Category Archives: Tech - Page 3

MySQL replication and the sync_binlog option

Recently I’ve been focusing on MySQL replication for a project at work. On this particular project, I’m acting in a Solutions Architect role and have been since about September of 2008.

Because of my background in systems administration, I tend to get myself into situations where I become the Schematic-side sys admin on projects. This involves things like deployment processes, getting development, staging, and production environments setup, and now, setting up MySQL replication. This is probably because a) I’m probably bad at delegating these things to others, b) I’m kinda’ good at it, and c) let’s be honest, I’m a control freak, so I like knowing the servers hosting my apps are setup in a meticulous manner.

In short, we’re running MySQL 5.0.45 on RedHat Enterprise Linux 5 (I know, I know…RedHat and MySQL 5.0…boo…but it’s okay). We’re required to replicate our production database to a secondary machine for backup purposes. This way, if our production server dies, we can manually failover to the slave (once we enable writes to it, of course), then swap the two back once the production server is back up.

All in all, this site is rather low-traffic at around 20,000 dynamic page views per day. Factoring in US-based users in an 11 hour time period, that’s about 1,800 request per hour, or right around 0.5 page views per second. We’ve got a single server in production that’s acting as our webserver and database server; it’s got a RAID array in it that was all setup by the group hosting the application (so I don’t know tons about it, but it’s new, quality hardware).

I’m using my master database for reads and writes in Production. Again, the slave is really only required for live backup-type purposes.

Now, I’m no expert on MySQL replication, but I’ve learned a lot these past few weeks. So I’m going to share one big caveat here. Please correct me as you see fit!

MySQL’s got a sync_binlog configuration option. You typically set it in my.cnf, and its value is an integer from 0-n. This value determines how many binary log writes need to occur before its contents are flushed out of the buffer and onto disk.
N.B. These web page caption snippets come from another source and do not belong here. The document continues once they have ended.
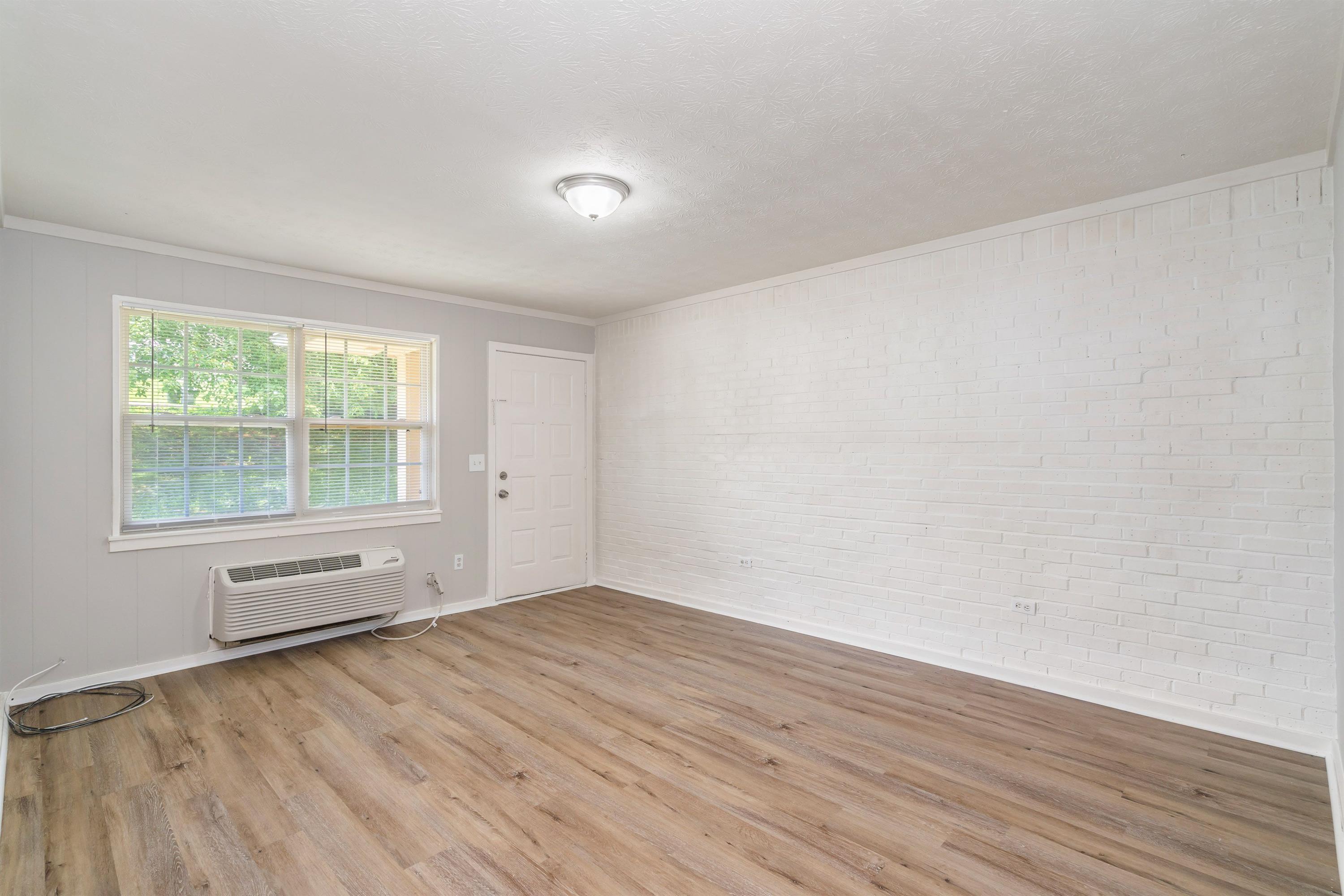 1309 East 1st Avenue - Apt 101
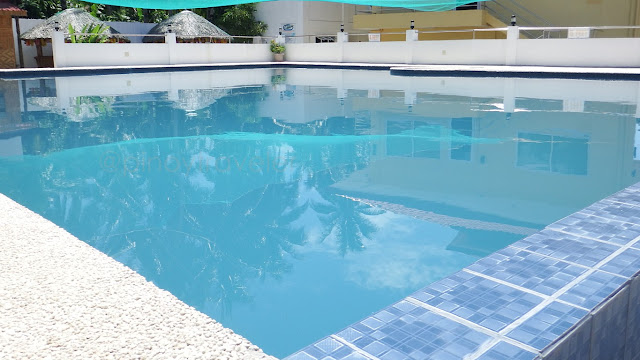 a view of the swimming pool at Juvie's Resort Hotel and Restaurant in San Roque, Catbalogan Samar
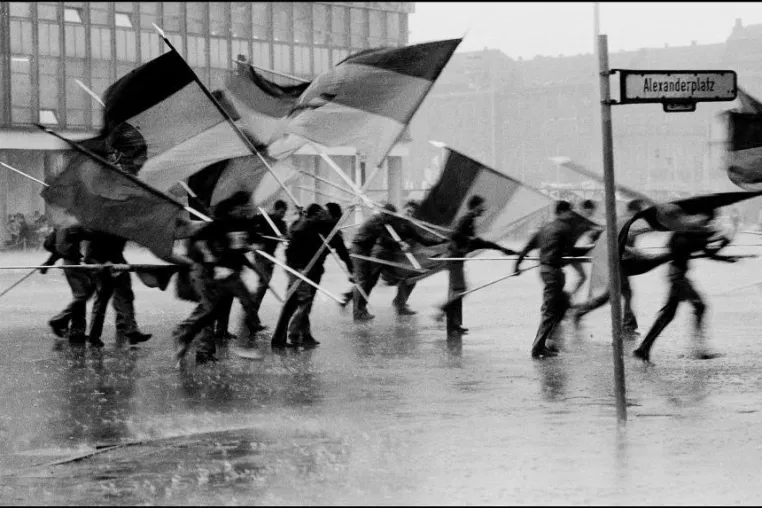 Neue Sonderausstellung in der BallinStadt: „Ost-Berlin – Leben vor dem Mauerfall“ Bild: Neue Sonderausstellung in der BallinStadt: „Ost-Berlin – Leben vor dem Mauerfall“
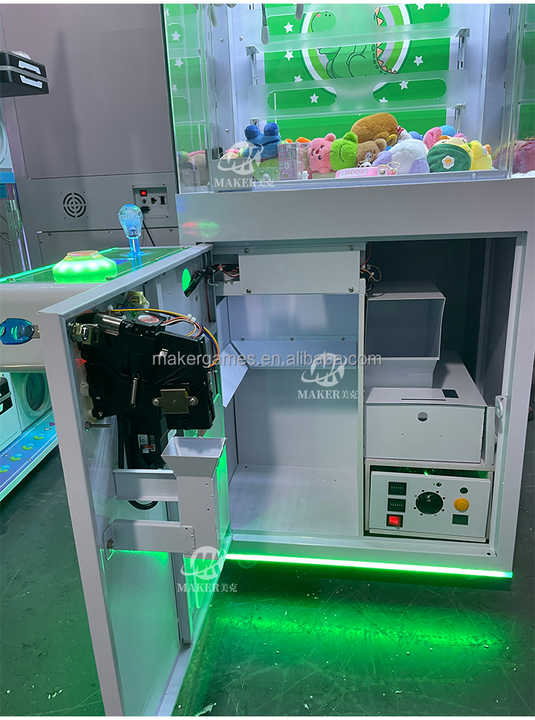 Maker Factory Wholesale Coin Operated Small Candy Arcade Game Machine Cheap Mini Plush Toy Gift Crane Claw Machine for Kids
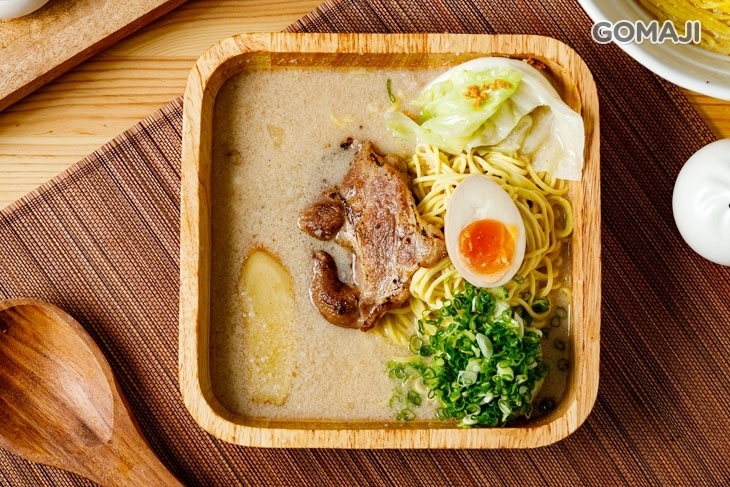 芮芮拉麵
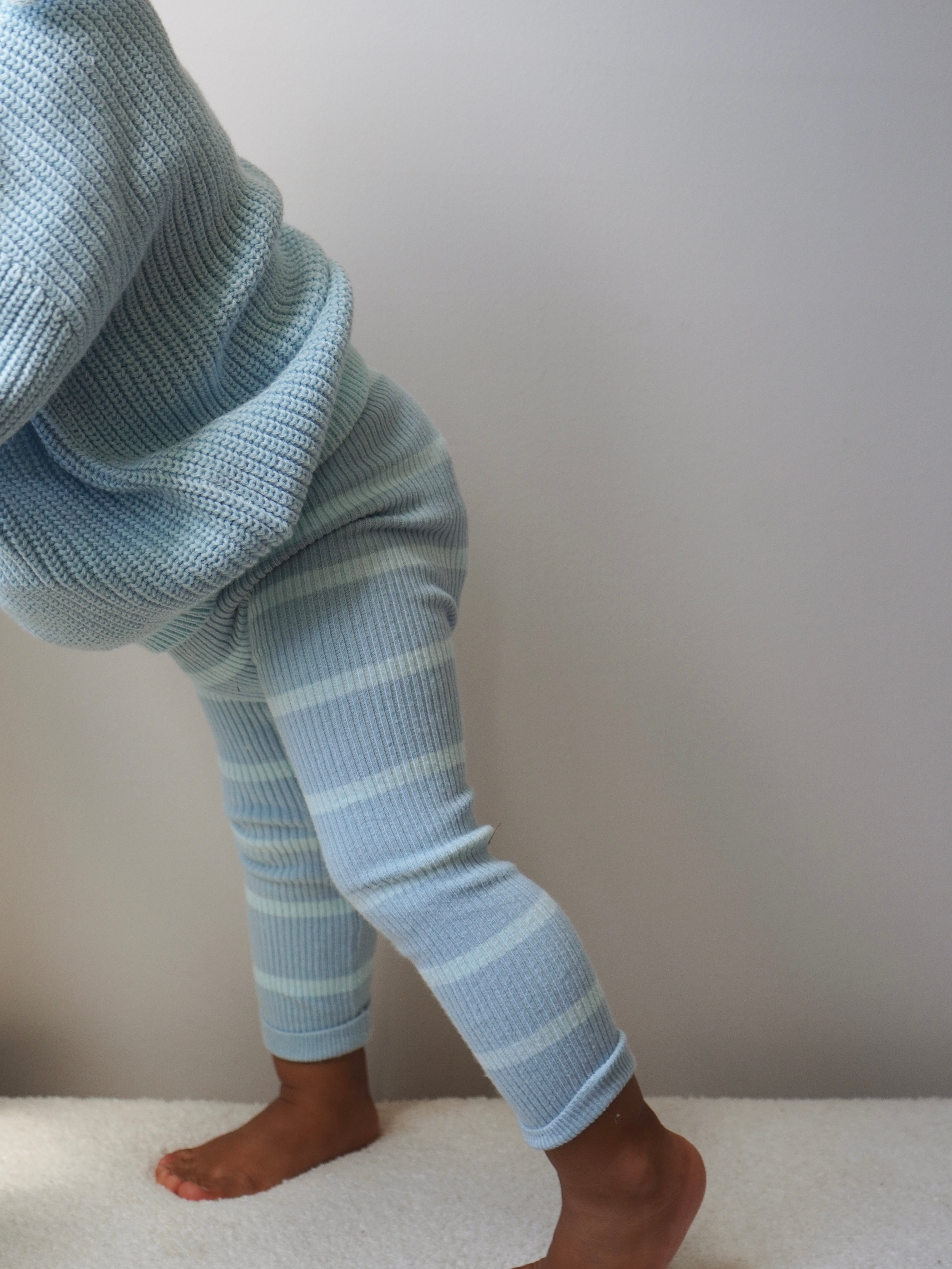 LEGGINGS | BLU - LAST CHANCE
With it set to zero, your operating system just determines when the buffer is flushed to disk.

I have a database migration process that copies table structures and their data from PostgreSQL into MySQL, then basically migrates that data into the appropriate tables in the new MySQL instance. It involves the transformation of a lot of data. It’s a sizable, complete data set for 8+ year old system that’s not the prettiest, best normalized data model in the world.

Per recommendations in High Performance MySQL, I had my sync_binlog value set to 1 in Production.

When I was performing a test migration to Production recently, the process took about 3 hours. Wow. Thanks, MySQL! It normally takes about 90 minutes in Staging, if that.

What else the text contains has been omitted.